We’ve all been down this road before, including some of the cast. De Niro, so good in so many crime pictures from Heat, Goodfellas and The Godfather Part II to tongue-in-cheek spins on his gangster persona like Analyze This, here plays out a character that coasts on this recognition. He’s the wise guy who may be retired, but he still powers through every situation with intimidation and four-letter words. Pfeiffer, no stranger to being Married to the Mob, has great composed frustration bubbling beneath the surface, a complicated indignity towards her current situation she sublimates into motherly instincts. She even makes food for the agents watching the house. When she finally agrees (after assurances of confidentiality) to let the local priest hear her confession, she seems to surprise even herself by that decision. Jones can do the wrinkled stoic exasperation required of him in his sleep, which he might be here for all I could tell. The younger actors, as mob teens playing out scheming and beatings in otherwise typical teen scenarios, acquit themselves nicely.

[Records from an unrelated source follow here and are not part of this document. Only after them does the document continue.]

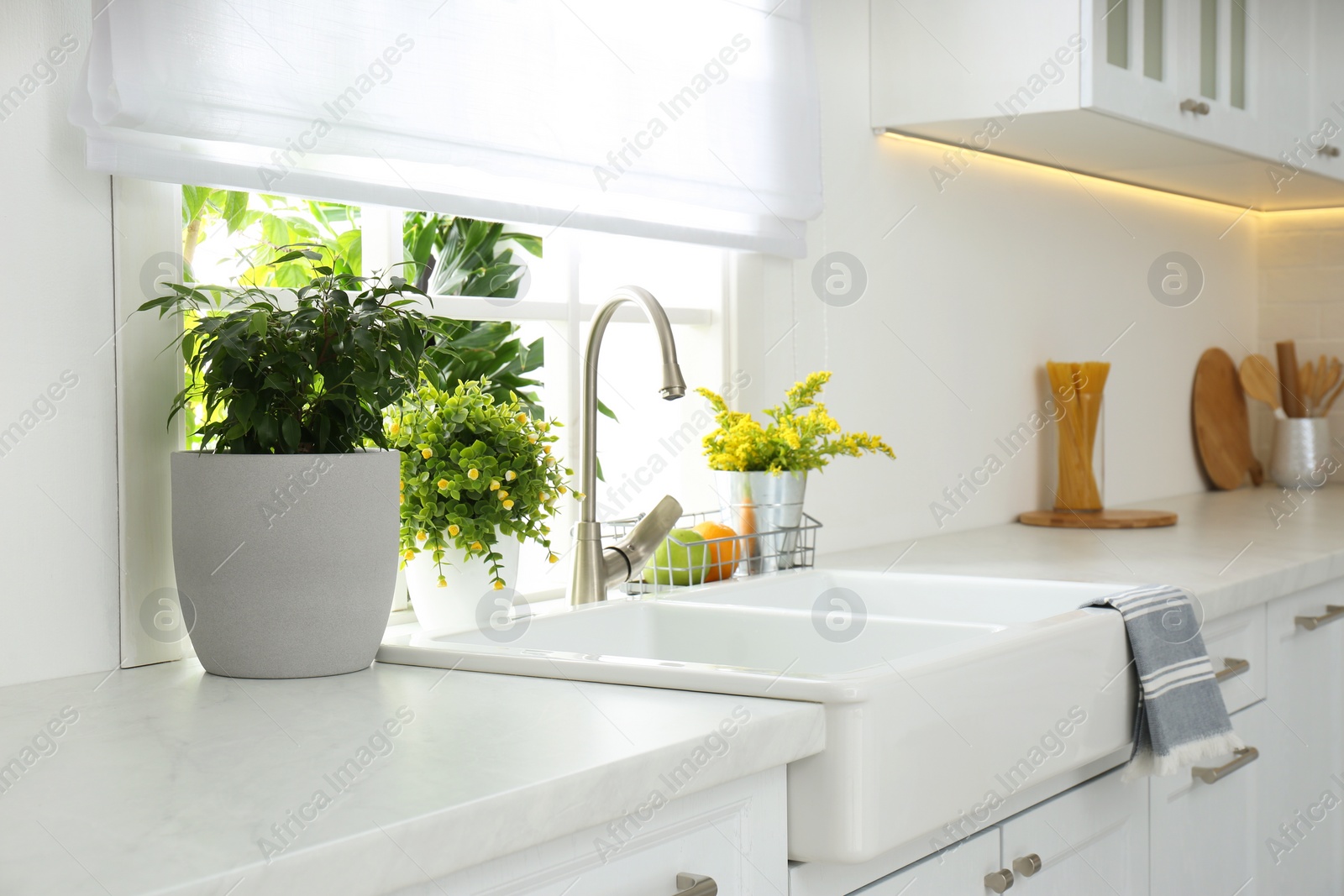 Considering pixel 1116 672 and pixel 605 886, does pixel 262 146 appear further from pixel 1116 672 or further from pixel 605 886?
pixel 1116 672

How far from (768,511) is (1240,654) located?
2.16ft

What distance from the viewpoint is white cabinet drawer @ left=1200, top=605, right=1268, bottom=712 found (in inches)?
64.0

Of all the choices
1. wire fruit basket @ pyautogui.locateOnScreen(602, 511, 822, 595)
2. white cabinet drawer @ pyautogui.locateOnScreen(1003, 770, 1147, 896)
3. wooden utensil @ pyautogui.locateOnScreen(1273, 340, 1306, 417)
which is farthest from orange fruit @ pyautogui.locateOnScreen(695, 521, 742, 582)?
wooden utensil @ pyautogui.locateOnScreen(1273, 340, 1306, 417)

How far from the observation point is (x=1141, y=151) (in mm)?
2373

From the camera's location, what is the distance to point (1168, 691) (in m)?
1.34

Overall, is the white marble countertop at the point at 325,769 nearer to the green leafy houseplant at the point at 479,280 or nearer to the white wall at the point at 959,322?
the green leafy houseplant at the point at 479,280

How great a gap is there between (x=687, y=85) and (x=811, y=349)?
0.50 metres

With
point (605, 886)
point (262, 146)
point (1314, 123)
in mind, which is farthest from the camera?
point (1314, 123)

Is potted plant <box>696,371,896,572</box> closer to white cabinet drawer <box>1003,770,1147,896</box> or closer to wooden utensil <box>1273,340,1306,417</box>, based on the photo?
white cabinet drawer <box>1003,770,1147,896</box>

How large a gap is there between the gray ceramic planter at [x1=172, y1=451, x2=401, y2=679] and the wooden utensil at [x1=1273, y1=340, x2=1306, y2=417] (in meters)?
2.83

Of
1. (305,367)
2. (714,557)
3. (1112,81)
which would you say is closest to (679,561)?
(714,557)

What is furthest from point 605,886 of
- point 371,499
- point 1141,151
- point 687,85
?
point 1141,151

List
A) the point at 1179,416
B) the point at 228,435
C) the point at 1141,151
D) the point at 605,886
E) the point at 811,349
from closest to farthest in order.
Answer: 1. the point at 605,886
2. the point at 228,435
3. the point at 811,349
4. the point at 1141,151
5. the point at 1179,416

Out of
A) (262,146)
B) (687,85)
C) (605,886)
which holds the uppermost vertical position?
(687,85) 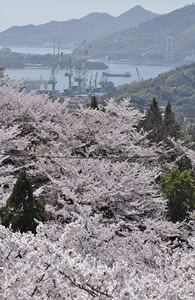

The characters are purely cardboard, but at least the cardboard is painted with vibrant colors. The leads are appealing and, though the supporting cast doesn’t pop as much as I would’ve liked, there are still plenty of funny little asides coloring in the details. The FBI minders debate the respective merits of French and Italian cuisine. Two mobster hitmen solemnly debate killing a dog they find at a crime scene. “Boss said no witnesses,” one reasons. The priest asks Pfeiffer to leave church property saying, “Your confession has haunted me all week.” The best moment is a bit of metatextual silliness that finds De Niro sitting in a French theater watching a Scorsese movie in which De Niro is one of the co-stars. It’s not only a sequence of nested winks, but a plot point that (in conjunction with a montage of strained coincidences) kicks off the climax. In the end, it’s a movie about how the family that kills together stays together, or how you can take the man out of the mob, but not the mob out of the man. Or something like that.

For a long stretch, the film has too many plates spinning, if only because it often forgets a subplot and lets it drop away, but the likability of the ensemble and eccentricity of the off-beat plotting keeps the proceedings amiable enough. It’s all cheeky, violent, and with largely slipshod comical stakes until the climax when the action kicks up in earnest. French director and co-writer Luc Besson has always been a director better with creating concepts than fleshing them out. His visual energy carried sometimes-flimsy material early on in his career (like The Professional or especially The Fifth Element). It makes a certain amount of sense that he’s spent the last decade or so working mainly as a producer and co-writer on an astonishing number of projects. He’s serving as a sort of cultural ambassador and mentor for French action filmmakers (Louis Leterrier, Pierre Morel, Olivier Megaton, Chris Nahon) attempting to import themselves to Hollywood. In The Family, France and Hollywood are explicitly bumping into each other and that’s fun, but isn’t explored to its full potential. Besson gives the film a sense of off-kilter energy, but the plotting ultimately feels familiar and a tad too slight, no matter the nice-enough work of the cast and occasional splashes of darkly funny dialogue and visual playfulness. I can’t quite recommend it, but have some appreciation for what it does well.